В яхт-клуб мы вернулись к вечеру, сняли и аккуратно вложили в брезентовый мешок парус со снастями, сдали в кладовку и пошли одеваться. Она подала мне брюки и рубаху, взяла свою юбку и вдруг отчаянно взвизгнула и прижалась ко мне от страха.
Сердце во мне заходило, как колокол.
— Ты чего?! — вскрикнул я, защитив руками ее плечи, чтоб выручить, спасти, не дать в обиду.
Губы ее дернулись, глаза заблестели.
— Мыши, — всхлипнула она, — мыши…
Мы поехали в город. Я проводил Катю до подъезда дома.
— Не жалеешь, что поехал? — спросила она, порывисто пожимая на прощание руку.
— Нет, что ты…
И легкими, стремительными шагами она побежала вверх по лестнице.
Это было давно.

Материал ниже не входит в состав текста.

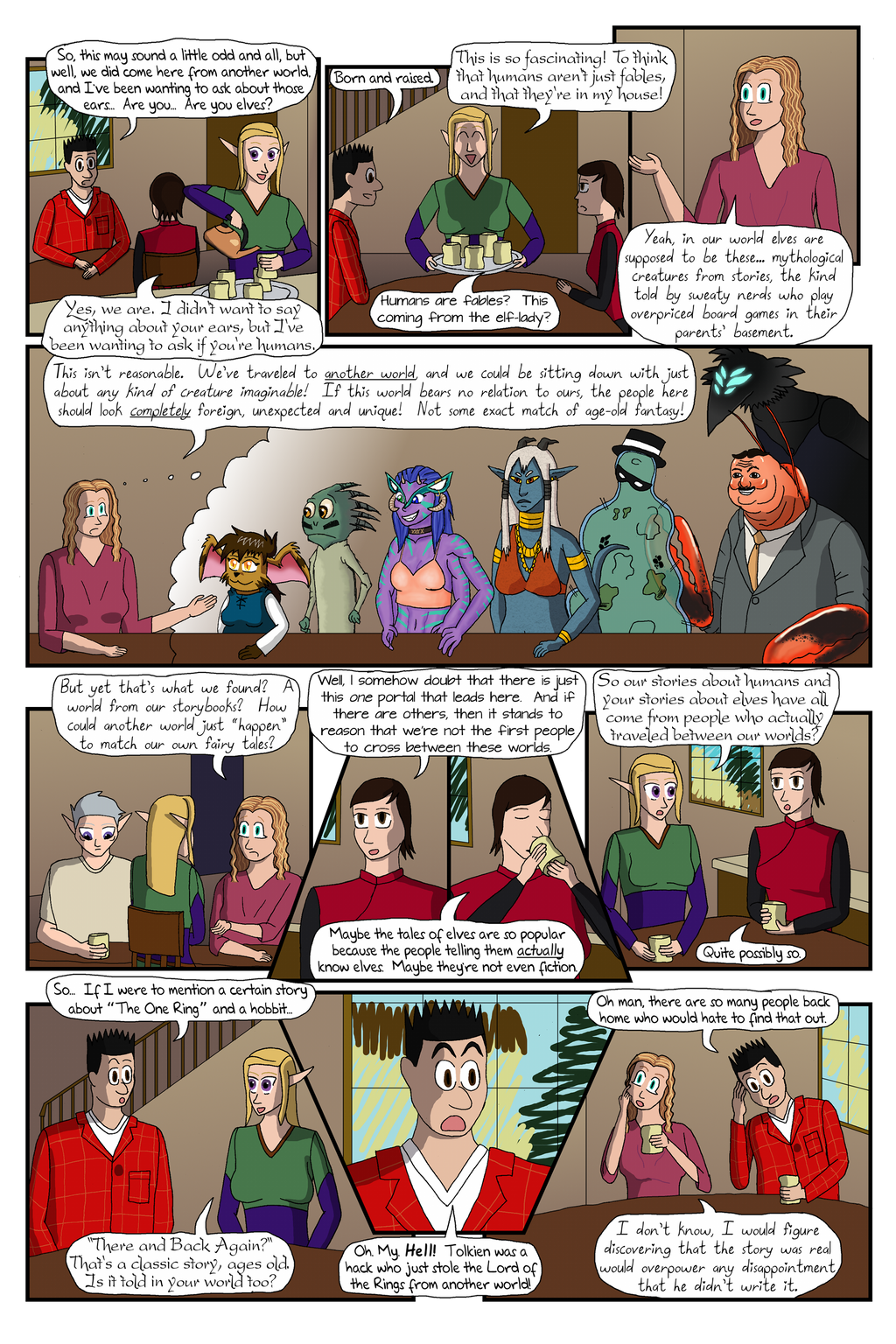 MiM 14 - Just to Establish a Few Things by Marscaleb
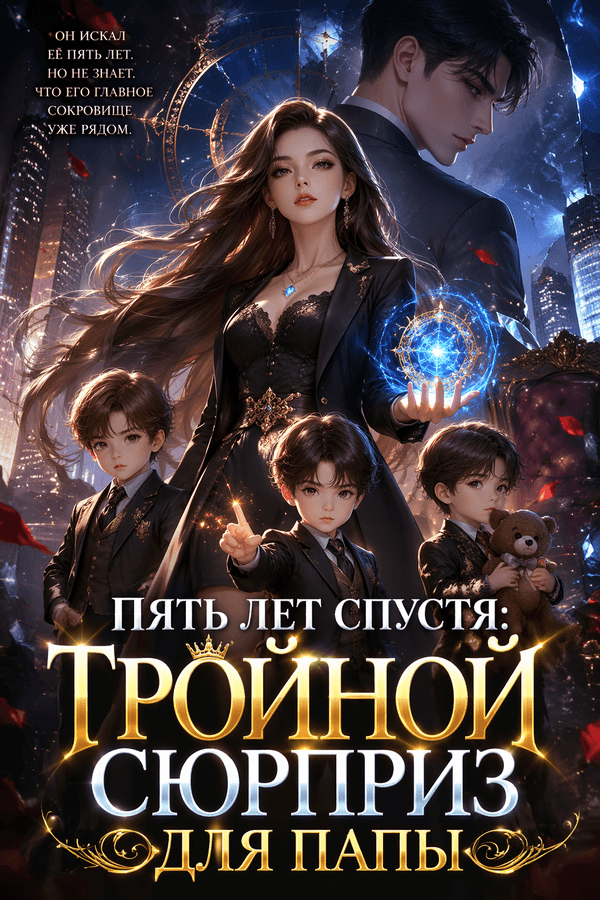 Пять лет спустя: тройной сюрприз для папы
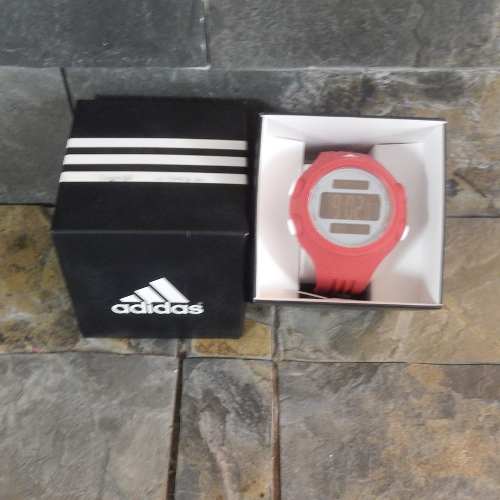 Reloj adidas Hombre Rojo & Gris (original)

Тридцать лет назад. Я уже не похож на того смешного, неуклюжего мальчишку, а Катя лежит в земле под Витебском, городом, откуда я приехал в тот год в Москву. Ее, радистку, сбросили в тыл к немцам с «Дугласа», и немцы полгода не могли засечь ее рацию, а потом засекли, и теперь она лежит в земле под моим родным городом, совсем молодая, никем не воспетая, и, может, даже ее никто никогда не поцеловал… Я не знаю, когда умру. Но если доживу и до семидесяти лет, я буду помнить то солнце, ту яркую, ликующую синеву неба, косой парус, ее загорелые руки и хохочущие глаза. А если я забуду все это, значит, я напрасно прожил свои семьдесят лет.